• Work required:
Each line in the material below, starting at the one that contains "Dolce & Gabbana" and ending at the one that contains "fondant rainbow cupcake", should be repeated exactly; the pictures should not.

• Extracted data:
==================================================

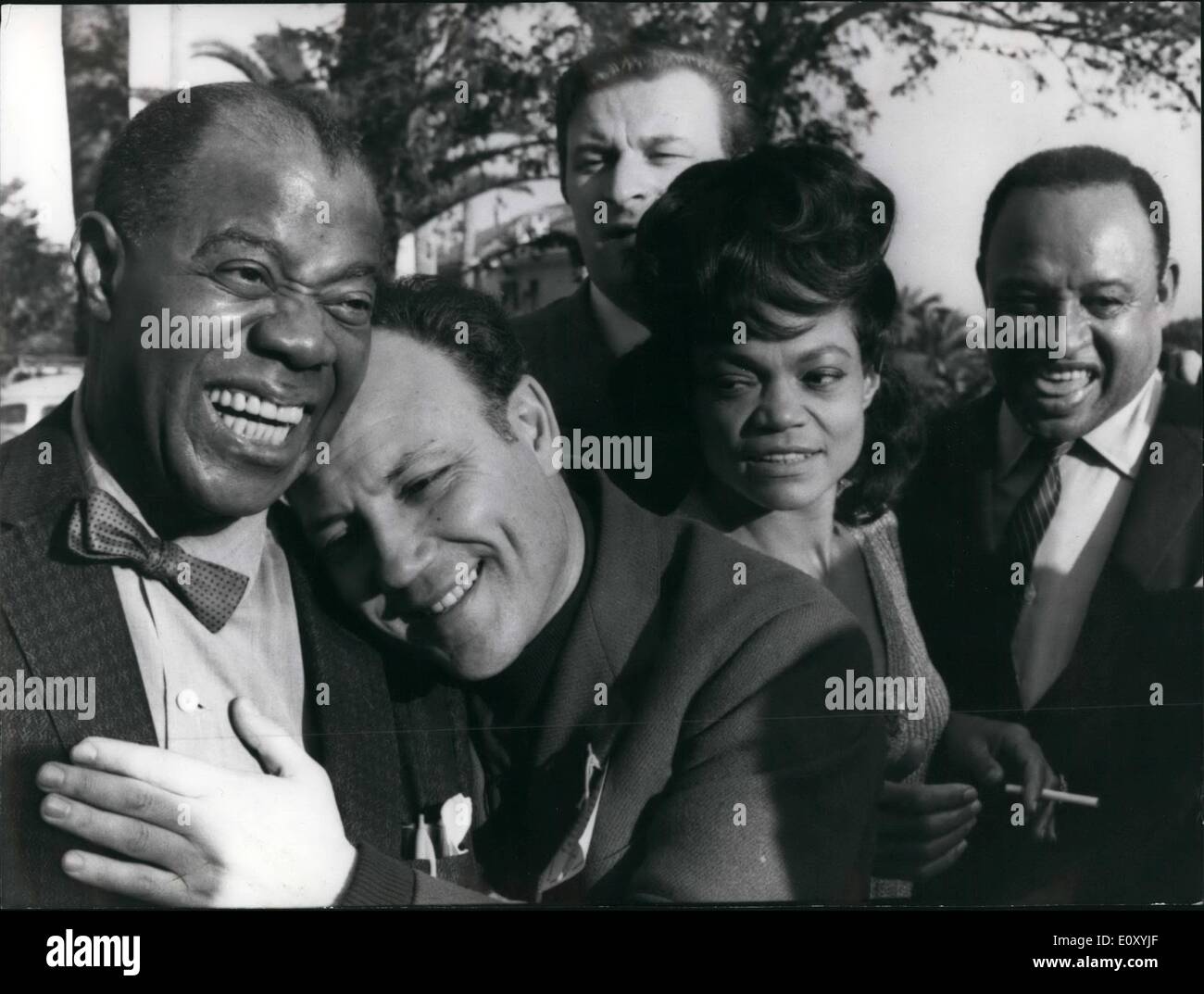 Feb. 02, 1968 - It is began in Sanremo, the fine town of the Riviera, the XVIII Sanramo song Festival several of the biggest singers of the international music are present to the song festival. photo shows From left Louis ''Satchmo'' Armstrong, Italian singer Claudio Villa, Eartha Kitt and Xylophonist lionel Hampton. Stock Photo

==================================================

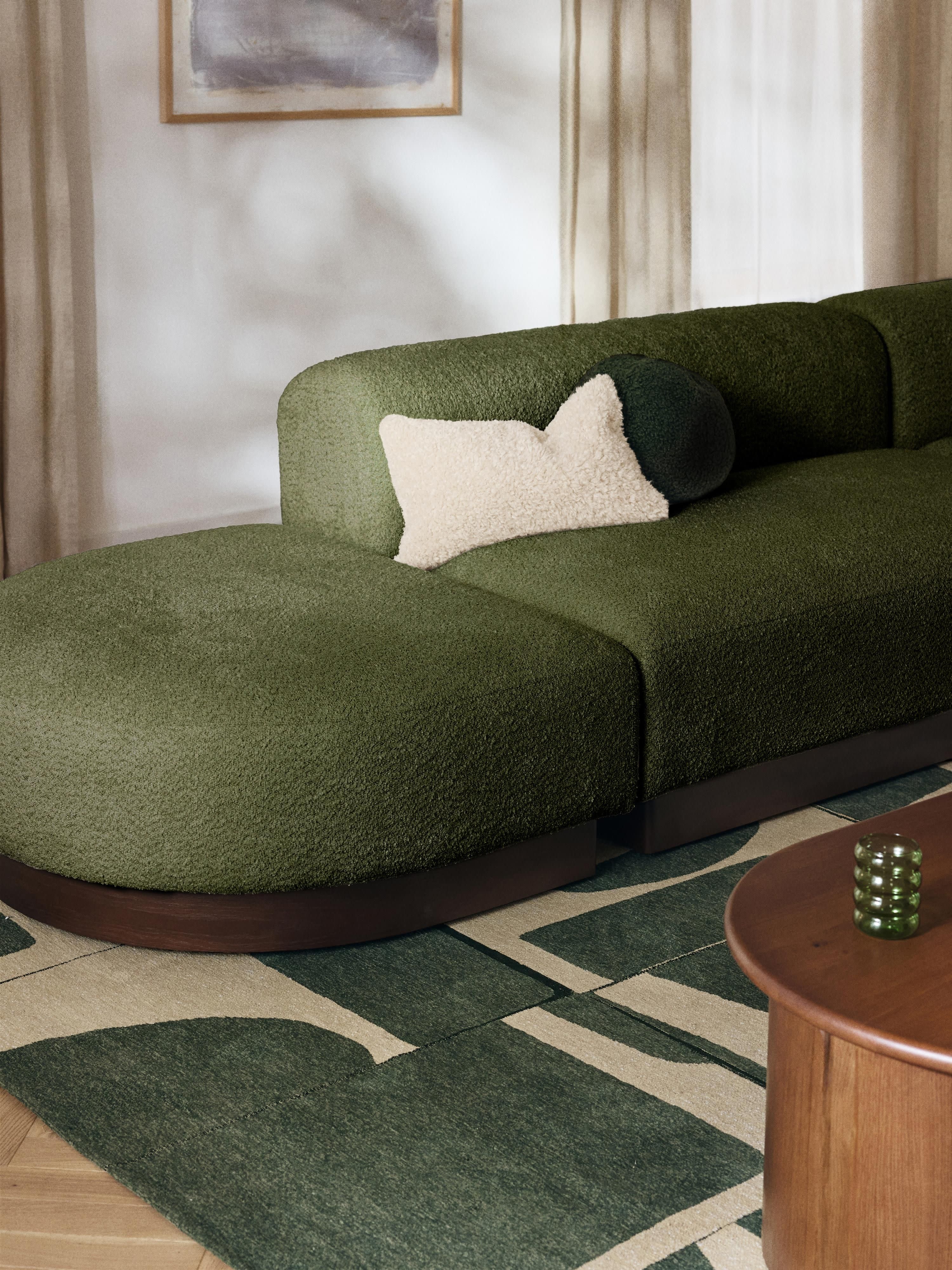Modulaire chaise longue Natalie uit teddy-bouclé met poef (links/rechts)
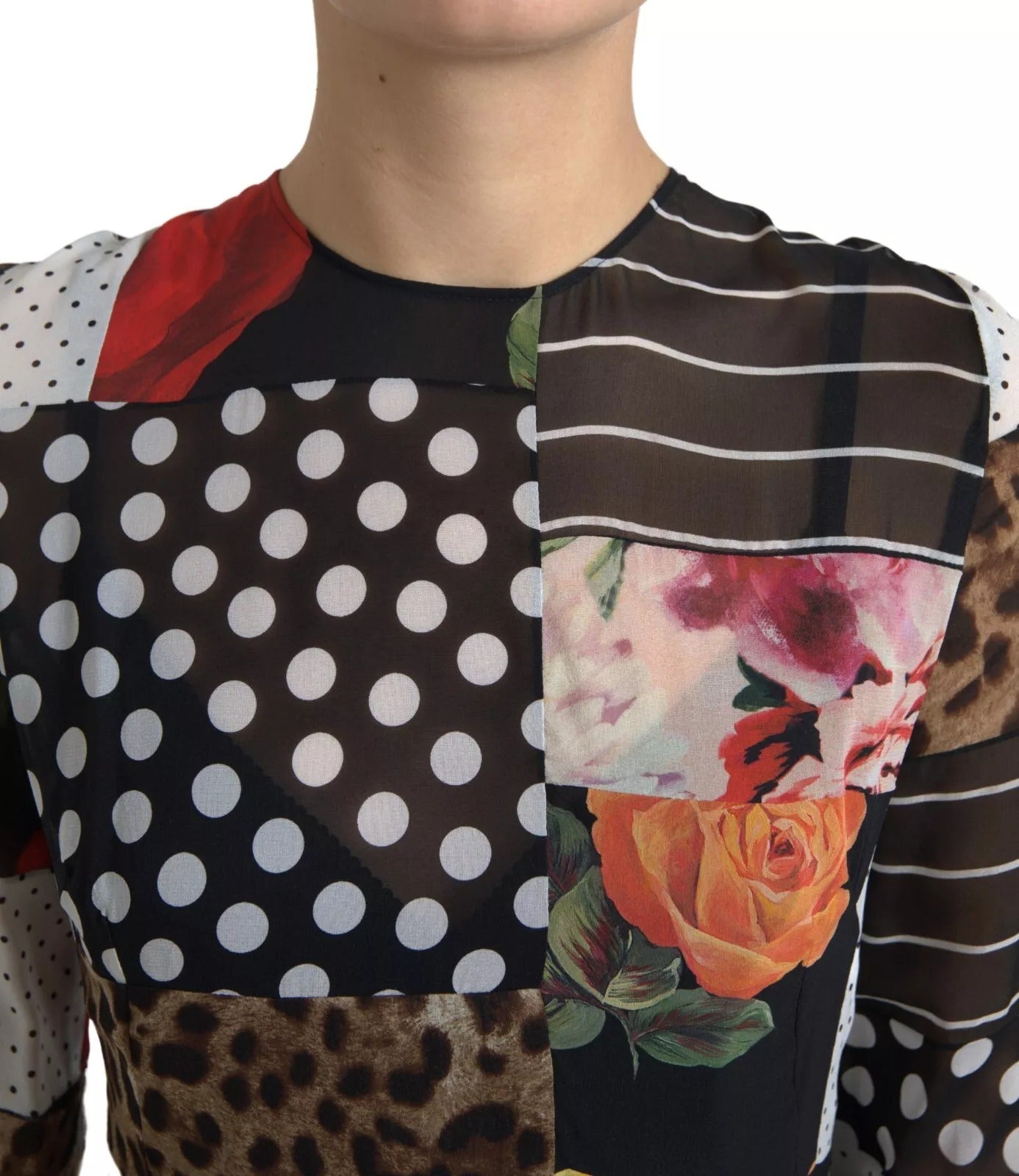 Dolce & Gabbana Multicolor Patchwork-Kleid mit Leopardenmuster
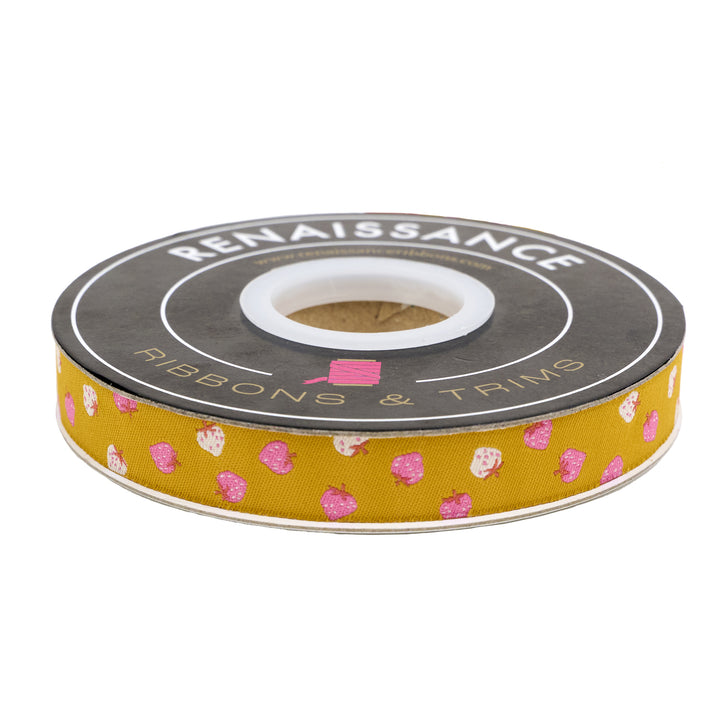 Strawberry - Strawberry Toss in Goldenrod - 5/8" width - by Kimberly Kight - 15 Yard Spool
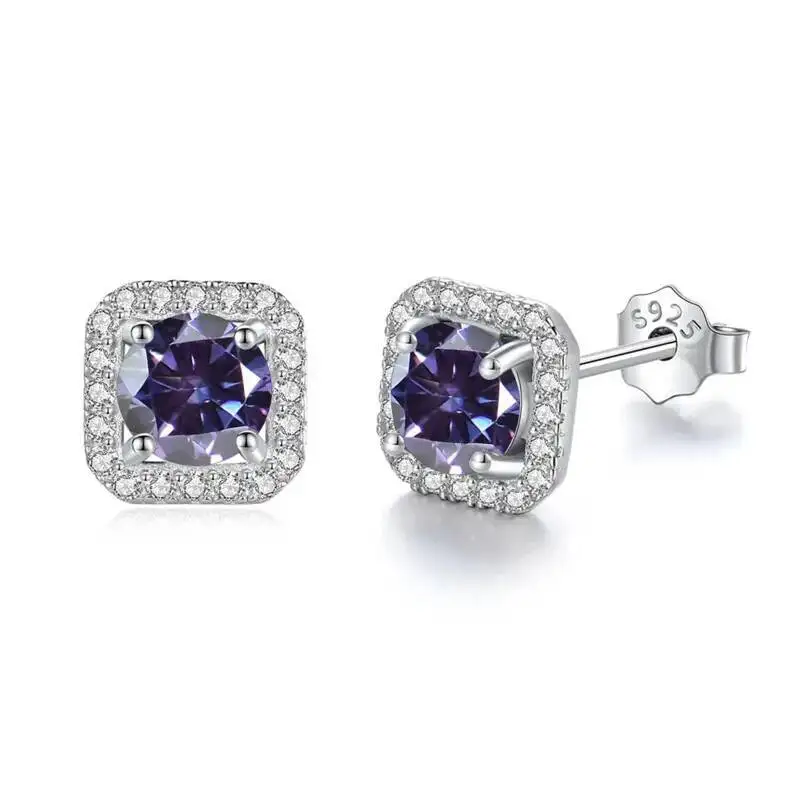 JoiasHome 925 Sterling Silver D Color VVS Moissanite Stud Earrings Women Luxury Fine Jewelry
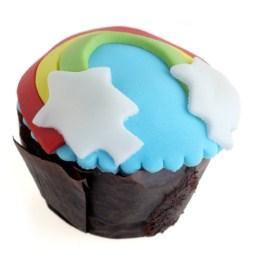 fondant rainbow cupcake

==================================================

• Solved problem:
 Dolce & Gabbana Multicolor Patchwork-Kleid mit Leopardenmuster
 Strawberry - Strawberry Toss in Goldenrod - 5/8" width - by Kimberly Kight - 15 Yard Spool
 JoiasHome 925 Sterling Silver D Color VVS Moissanite Stud Earrings Women Luxury Fine Jewelry
 fondant rainbow cupcake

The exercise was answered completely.